И в самом деле, назавтра, когда дочери уезжали, Панька с дружками усердно взялись за дрова. Изображая усердие, громко кряхтели. Конечно были вознаграждены.
Дочери обещали в городе заказать отцу заочное отпевание, потом привезти с отпевания земельку и высыпать на могилу. Здесь-то негде было взять священника.

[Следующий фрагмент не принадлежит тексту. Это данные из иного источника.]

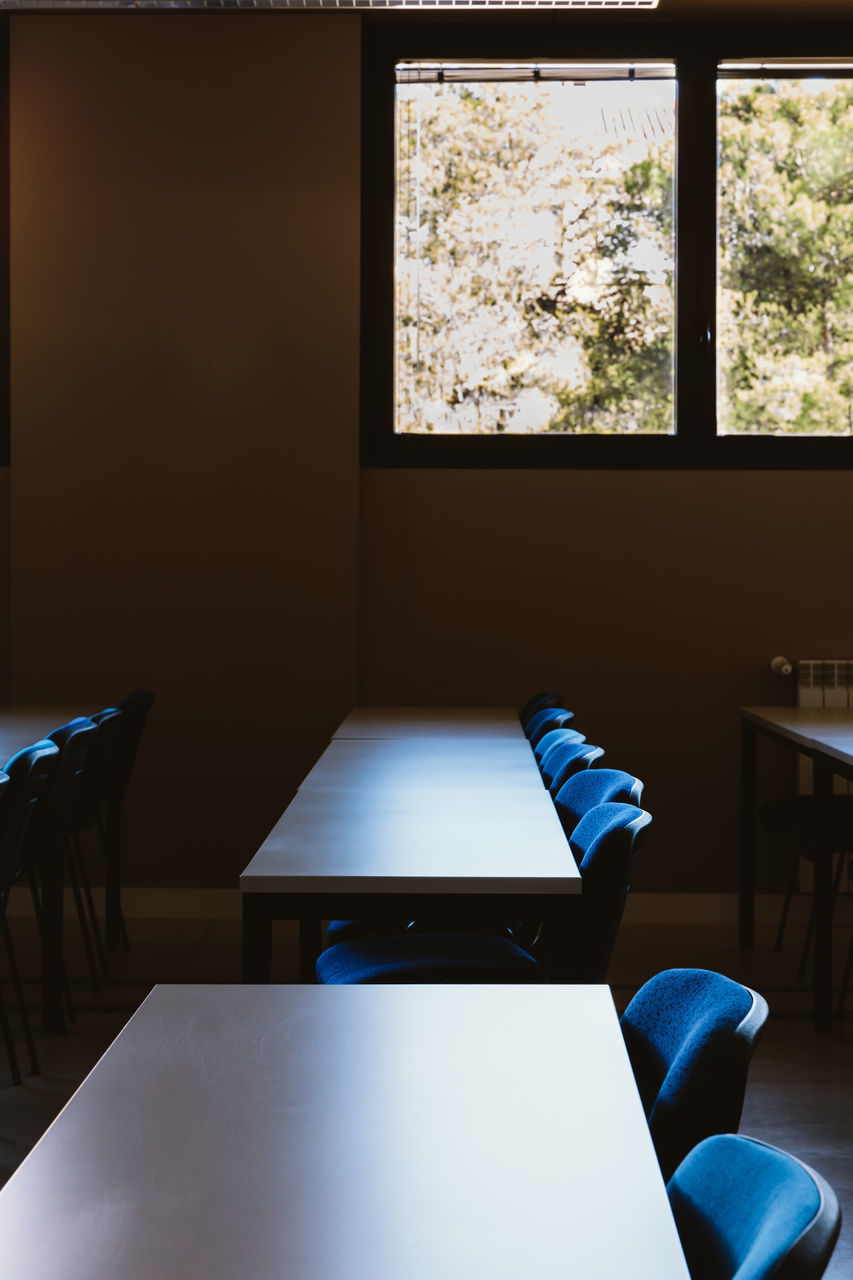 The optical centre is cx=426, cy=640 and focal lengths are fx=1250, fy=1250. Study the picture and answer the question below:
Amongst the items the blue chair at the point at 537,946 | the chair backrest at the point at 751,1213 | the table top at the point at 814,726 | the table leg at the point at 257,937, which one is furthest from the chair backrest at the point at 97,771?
the chair backrest at the point at 751,1213

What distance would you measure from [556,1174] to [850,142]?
5.08m

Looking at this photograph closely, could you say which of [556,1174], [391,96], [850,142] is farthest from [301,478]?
[556,1174]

Поехали доченьки. Повез их на станцию тот же нанятый водитель, что и сюда привез. Мать крестила их вослед. Вернулась в дом – топоры брошены, в доме пьянка. Есть что допить, есть что доесть. Старуха вздохнула: как прогонишь? И могилу копали, и дрова кололи.
– Мать! За Иваныча!
Потом старуха вспомнила, какими глазами глядели они на украшенный наградами пиджак мужа. Вспомнить это пришлось очень скоро. Алкоголику и наркоману никогда не хватит ни водки, ни наркоты. Парни, конечно, понимали, что награды старика – это дело не копеечное, дорогое. Вон сколько по телевизору сюжетов о том, как крадут ордена у ветеранов. Продать их можно запросто. Продать – и пить, и пить, и пить.
Назавтра они пришли, стали просить награды вначале по-хорошему. Обещали и огород копать, и крышу починить. И старику оградку сделать. Старуха, конечно, не соглашалась. Но она даже и представить не могла, что они, известные ей с детства, решатся на воровство.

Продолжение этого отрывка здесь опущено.